At the center of it all is Jovovich: an elemental force; a smirking, teeth-gnashing toughie; a presence that anchors the ludicrous wastelands and cavernous lairs of the Andersonian imaginary with a sense of grace and wonder.
“I always tell [Paul], ‘I don’t know what you see in me,” Jovovich tells Polygon. “He always wants to work with me.” According to the actress, Anderson, who’d been trying to develop Monster Hunter into a movie since 2009, wrote several versions of the script without a female lead. The most complete iteration, according to Jovovich, centered on a 14-year-old boy with more of a Harry Potter vibe. “So when he brought me this version and said, ‘I wrote this one for you and I think it’s the best one I’ve done,’ I was like, ‘Are you kidding me? We just closed Resident Evil. I’ve been fighting zombies for the last 15 years and now you want me to kill monsters?’” Tomatoes, tomahtoes. Zombies, monsters. Jovovich has battled creepy crawlies and mutant abominations for nearly half her life. Yet her latest role, if not her chef d’oeuvre, feels like a benchmark.

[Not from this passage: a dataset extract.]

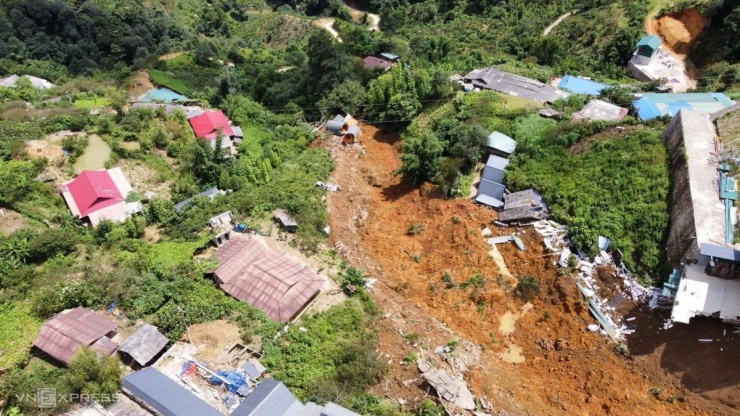 Vụ sạt lở kinh hoàng ở Tà Xùa: Hơn 20 bungalow bị vùi lấp, 1 người tử vong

Jovovich’s big Hollywood breakthrough came at the age of 21, when she starred in future ex-husband Luc Besson’s 1997 film The Fifth Element. As Leeloo, a gun-toting humanoid with orange tresses and bondage-inspired outfits, Jovovich was a fitting heroine for the MTV generation, an embodiment of the era’s fascination with martial arts-meets-cyberpunk cool. A teenage supermodel with a rebellious streak, she was a ’90s “It” girl and a symbol of the era’s grunge and glamor. Milla commanded covers from Vogue to High Times, aiming her steely gaze at the camera with a joint in hand.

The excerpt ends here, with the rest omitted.